#### [WHAT YOU ARE ASKED TO DO]
Once you have read the records below, print them again exactly as they stand.

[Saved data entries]
((
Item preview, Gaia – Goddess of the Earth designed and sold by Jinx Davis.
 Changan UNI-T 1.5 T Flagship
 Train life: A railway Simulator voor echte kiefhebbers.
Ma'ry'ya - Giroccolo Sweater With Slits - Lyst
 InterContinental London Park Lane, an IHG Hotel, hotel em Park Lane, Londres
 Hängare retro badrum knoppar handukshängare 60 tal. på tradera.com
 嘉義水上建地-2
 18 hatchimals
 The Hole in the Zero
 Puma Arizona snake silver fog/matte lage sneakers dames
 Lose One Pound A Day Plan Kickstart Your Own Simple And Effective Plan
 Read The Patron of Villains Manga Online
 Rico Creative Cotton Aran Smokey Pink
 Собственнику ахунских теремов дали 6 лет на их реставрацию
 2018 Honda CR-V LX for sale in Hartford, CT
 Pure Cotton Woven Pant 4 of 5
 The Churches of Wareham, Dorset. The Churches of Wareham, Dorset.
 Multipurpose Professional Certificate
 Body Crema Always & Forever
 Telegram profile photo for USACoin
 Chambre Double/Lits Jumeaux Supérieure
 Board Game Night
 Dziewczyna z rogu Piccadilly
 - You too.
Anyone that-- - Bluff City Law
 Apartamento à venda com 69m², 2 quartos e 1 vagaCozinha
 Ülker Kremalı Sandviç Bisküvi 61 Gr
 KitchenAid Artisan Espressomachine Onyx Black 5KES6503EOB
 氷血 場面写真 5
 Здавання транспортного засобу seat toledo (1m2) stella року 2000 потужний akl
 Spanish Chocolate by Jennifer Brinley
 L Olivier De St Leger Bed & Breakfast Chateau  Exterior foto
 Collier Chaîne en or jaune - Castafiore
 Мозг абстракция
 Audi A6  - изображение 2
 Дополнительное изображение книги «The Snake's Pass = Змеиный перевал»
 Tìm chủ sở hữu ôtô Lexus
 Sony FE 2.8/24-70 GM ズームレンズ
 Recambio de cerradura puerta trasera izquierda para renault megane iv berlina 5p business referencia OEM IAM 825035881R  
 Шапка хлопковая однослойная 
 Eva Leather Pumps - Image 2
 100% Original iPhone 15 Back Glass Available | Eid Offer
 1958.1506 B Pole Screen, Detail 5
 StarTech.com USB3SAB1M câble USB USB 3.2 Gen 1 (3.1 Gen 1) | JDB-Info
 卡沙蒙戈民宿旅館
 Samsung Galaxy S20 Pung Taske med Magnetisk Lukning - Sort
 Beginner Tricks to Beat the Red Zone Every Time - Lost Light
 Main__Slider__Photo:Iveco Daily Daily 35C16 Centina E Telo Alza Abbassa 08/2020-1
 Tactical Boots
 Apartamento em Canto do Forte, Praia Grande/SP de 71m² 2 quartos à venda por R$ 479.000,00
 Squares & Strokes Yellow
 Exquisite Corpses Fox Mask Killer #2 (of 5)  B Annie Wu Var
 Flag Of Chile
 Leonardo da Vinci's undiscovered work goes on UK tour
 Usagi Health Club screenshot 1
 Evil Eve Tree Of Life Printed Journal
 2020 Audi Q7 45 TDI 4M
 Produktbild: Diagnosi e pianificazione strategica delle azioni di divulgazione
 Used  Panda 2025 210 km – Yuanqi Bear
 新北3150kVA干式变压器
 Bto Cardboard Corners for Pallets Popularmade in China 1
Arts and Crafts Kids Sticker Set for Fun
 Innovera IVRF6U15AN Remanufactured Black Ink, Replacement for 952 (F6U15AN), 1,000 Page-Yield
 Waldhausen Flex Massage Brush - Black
))
#### [EXERCISE ANSWER]
Item preview, Gaia – Goddess of the Earth designed and sold by Jinx Davis.
 Changan UNI-T 1.5 T Flagship
 Train life: A railway Simulator voor echte kiefhebbers.
Ma'ry'ya - Giroccolo Sweater With Slits - Lyst
 InterContinental London Park Lane, an IHG Hotel, hotel em Park Lane, Londres
 Hängare retro badrum knoppar handukshängare 60 tal. på tradera.com
 嘉義水上建地-2
 18 hatchimals
 The Hole in the Zero
 Puma Arizona snake silver fog/matte lage sneakers dames
 Lose One Pound A Day Plan Kickstart Your Own Simple And Effective Plan
 Read The Patron of Villains Manga Online
 Rico Creative Cotton Aran Smokey Pink
 Собственнику ахунских теремов дали 6 лет на их реставрацию
 2018 Honda CR-V LX for sale in Hartford, CT
 Pure Cotton Woven Pant 4 of 5
 The Churches of Wareham, Dorset. The Churches of Wareham, Dorset.
 Multipurpose Professional Certificate
 Body Crema Always & Forever
 Telegram profile photo for USACoin
 Chambre Double/Lits Jumeaux Supérieure
 Board Game Night
 Dziewczyna z rogu Piccadilly
 - You too.
Anyone that-- - Bluff City Law
 Apartamento à venda com 69m², 2 quartos e 1 vagaCozinha
 Ülker Kremalı Sandviç Bisküvi 61 Gr
 KitchenAid Artisan Espressomachine Onyx Black 5KES6503EOB
 氷血 場面写真 5
 Здавання транспортного засобу seat toledo (1m2) stella року 2000 потужний akl
 Spanish Chocolate by Jennifer Brinley
 L Olivier De St Leger Bed & Breakfast Chateau  Exterior foto
 Collier Chaîne en or jaune - Castafiore
 Мозг абстракция
 Audi A6  - изображение 2
 Дополнительное изображение книги «The Snake's Pass = Змеиный перевал»
 Tìm chủ sở hữu ôtô Lexus
 Sony FE 2.8/24-70 GM ズームレンズ
 Recambio de cerradura puerta trasera izquierda para renault megane iv berlina 5p business referencia OEM IAM 825035881R  
 Шапка хлопковая однослойная 
 Eva Leather Pumps - Image 2
 100% Original iPhone 15 Back Glass Available | Eid Offer
 1958.1506 B Pole Screen, Detail 5
 StarTech.com USB3SAB1M câble USB USB 3.2 Gen 1 (3.1 Gen 1) | JDB-Info
 卡沙蒙戈民宿旅館
 Samsung Galaxy S20 Pung Taske med Magnetisk Lukning - Sort
 Beginner Tricks to Beat the Red Zone Every Time - Lost Light
 Main__Slider__Photo:Iveco Daily Daily 35C16 Centina E Telo Alza Abbassa 08/2020-1
 Tactical Boots
 Apartamento em Canto do Forte, Praia Grande/SP de 71m² 2 quartos à venda por R$ 479.000,00
 Squares & Strokes Yellow
 Exquisite Corpses Fox Mask Killer #2 (of 5)  B Annie Wu Var
 Flag Of Chile
 Leonardo da Vinci's undiscovered work goes on UK tour
 Usagi Health Club screenshot 1
 Evil Eve Tree Of Life Printed Journal
 2020 Audi Q7 45 TDI 4M
 Produktbild: Diagnosi e pianificazione strategica delle azioni di divulgazione
 Used  Panda 2025 210 km – Yuanqi Bear
 新北3150kVA干式变压器
 Bto Cardboard Corners for Pallets Popularmade in China 1
Arts and Crafts Kids Sticker Set for Fun
 Innovera IVRF6U15AN Remanufactured Black Ink, Replacement for 952 (F6U15AN), 1,000 Page-Yield
 Waldhausen Flex Massage Brush - Black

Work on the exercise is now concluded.